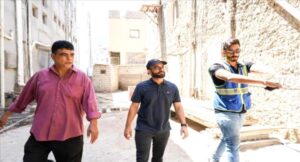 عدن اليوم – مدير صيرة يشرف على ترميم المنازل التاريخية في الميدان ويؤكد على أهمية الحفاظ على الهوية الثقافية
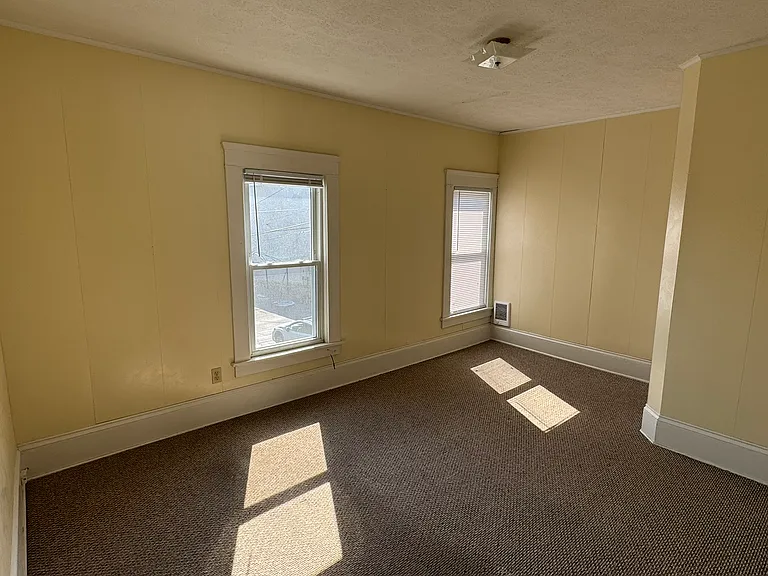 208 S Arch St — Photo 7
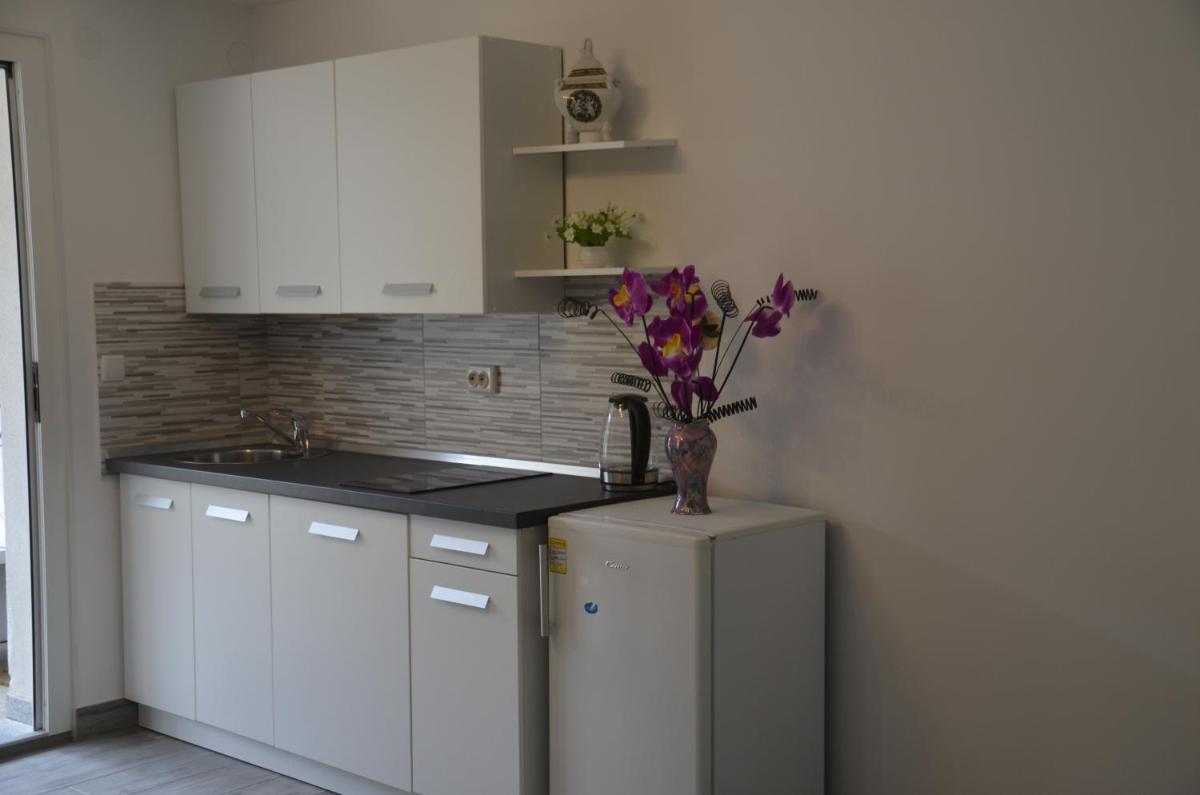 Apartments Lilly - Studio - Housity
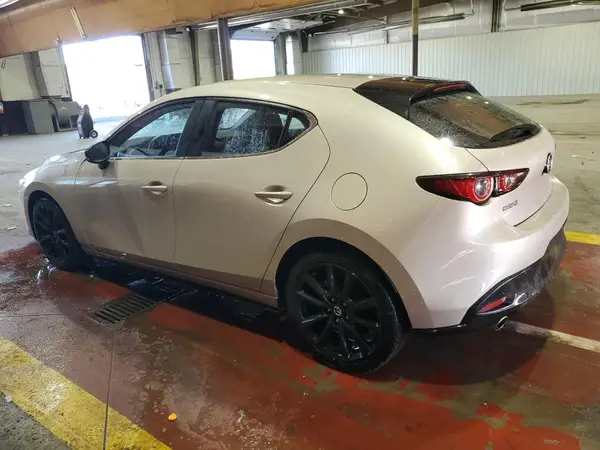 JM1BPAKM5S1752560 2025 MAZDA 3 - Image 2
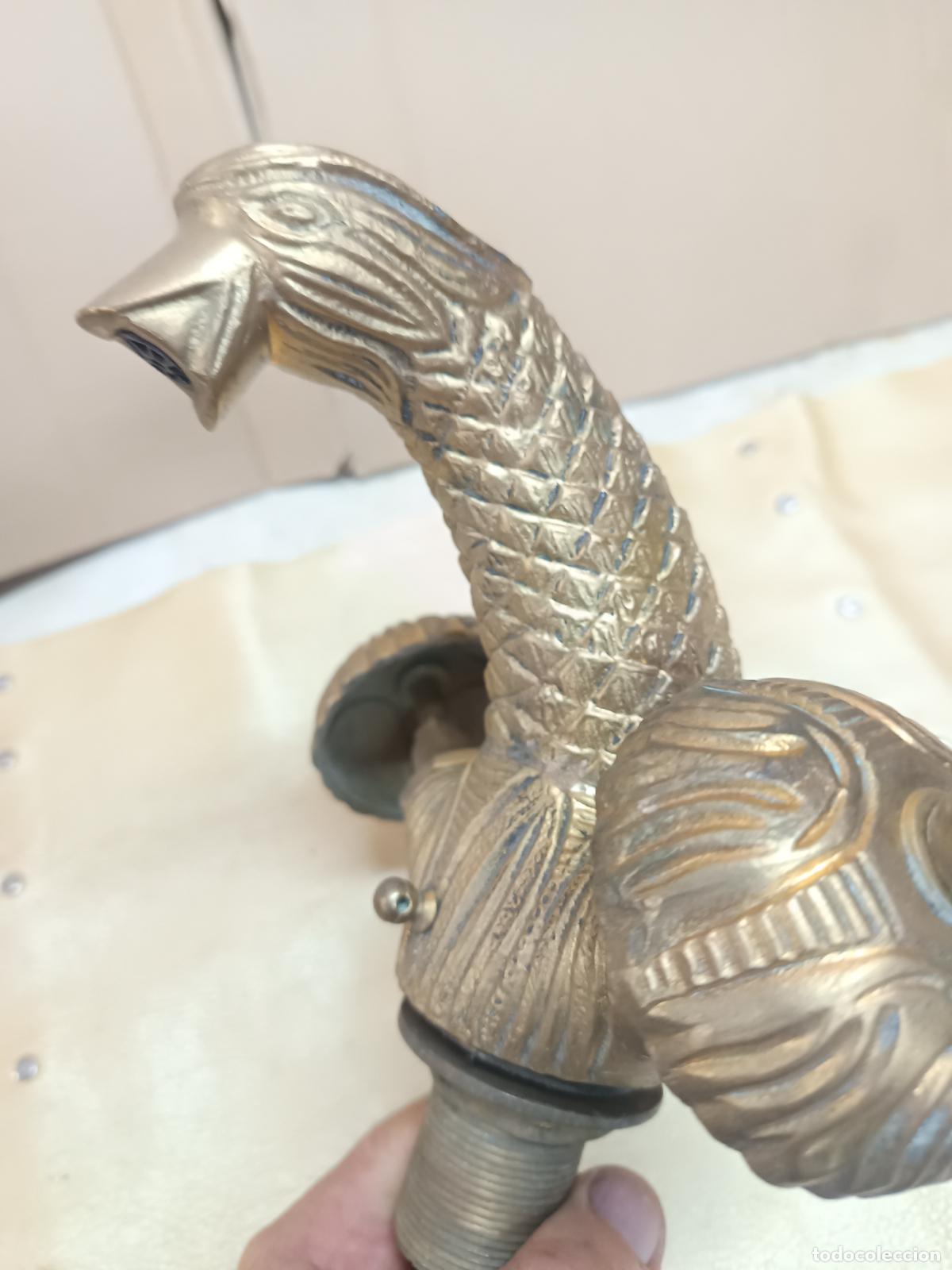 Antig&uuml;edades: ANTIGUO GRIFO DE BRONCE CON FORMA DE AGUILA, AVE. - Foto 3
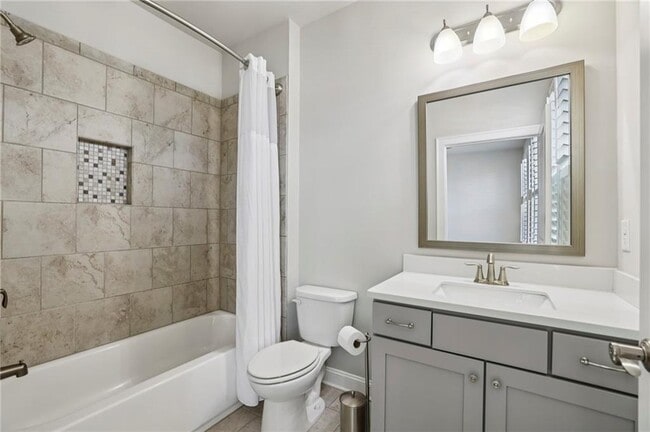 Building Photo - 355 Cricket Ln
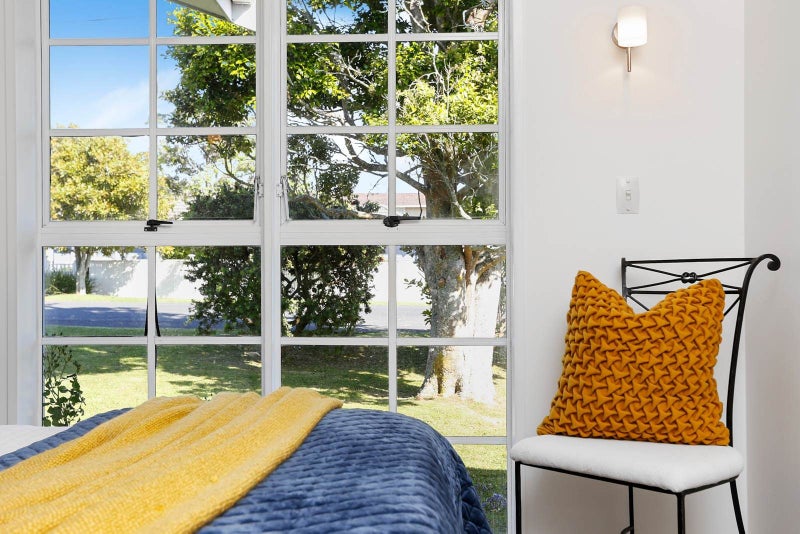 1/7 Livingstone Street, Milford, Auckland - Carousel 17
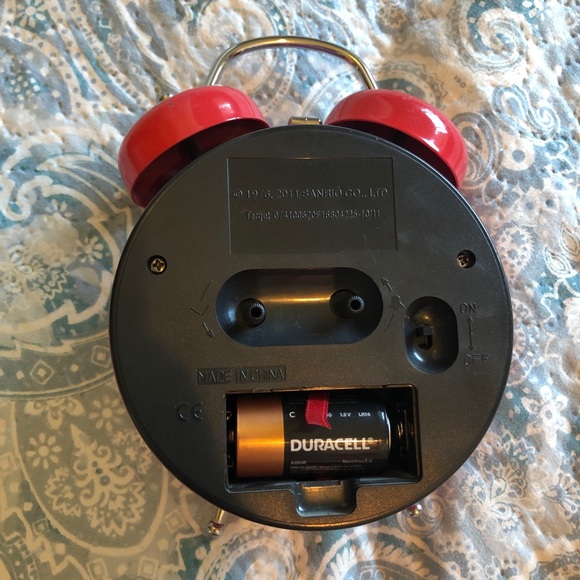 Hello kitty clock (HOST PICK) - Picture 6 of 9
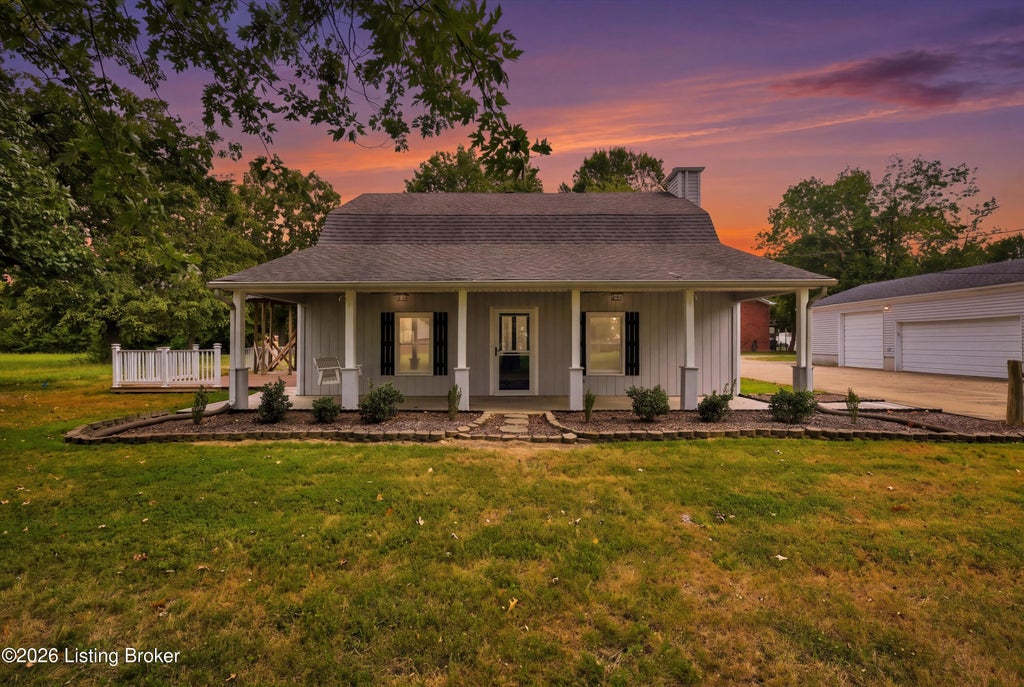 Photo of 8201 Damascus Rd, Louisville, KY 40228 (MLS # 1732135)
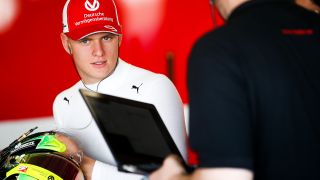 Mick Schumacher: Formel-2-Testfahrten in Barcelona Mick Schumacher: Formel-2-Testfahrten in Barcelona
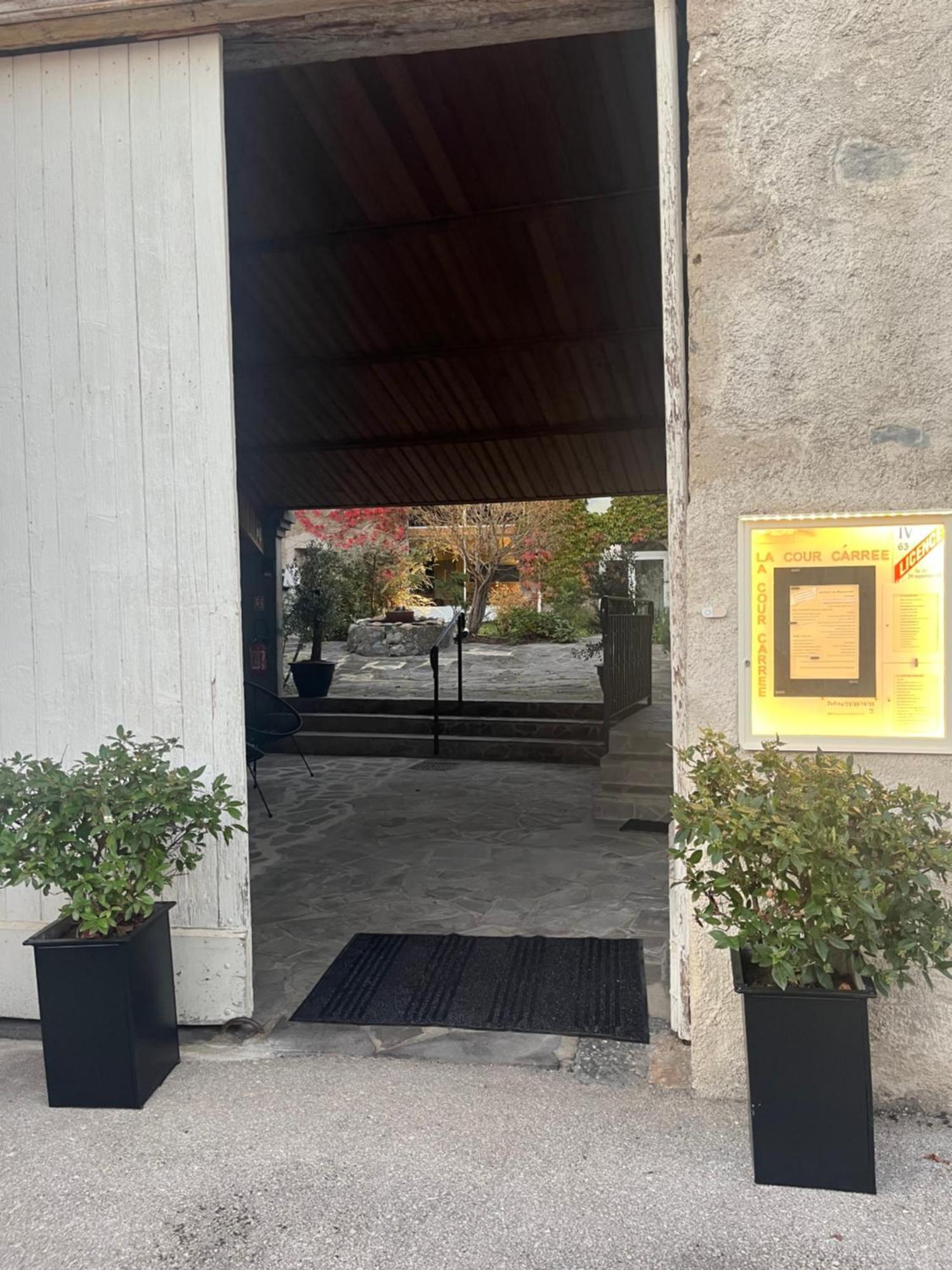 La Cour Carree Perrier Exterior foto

→ Exercise requirements
The entries above need to be repeated word for word, minus their pictures.

→ Response area
 عدن اليوم – مدير صيرة يشرف على ترميم المنازل التاريخية في الميدان ويؤكد على أهمية الحفاظ على الهوية الثقافية
 208 S Arch St — Photo 7
 Apartments Lilly - Studio - Housity
 JM1BPAKM5S1752560 2025 MAZDA 3 - Image 2
 Antig&uuml;edades: ANTIGUO GRIFO DE BRONCE CON FORMA DE AGUILA, AVE. - Foto 3
 Building Photo - 355 Cricket Ln
 1/7 Livingstone Street, Milford, Auckland - Carousel 17
 Hello kitty clock (HOST PICK) - Picture 6 of 9
 Photo of 8201 Damascus Rd, Louisville, KY 40228 (MLS # 1732135)
 Mick Schumacher: Formel-2-Testfahrten in Barcelona Mick Schumacher: Formel-2-Testfahrten in Barcelona
 La Cour Carree Perrier Exterior foto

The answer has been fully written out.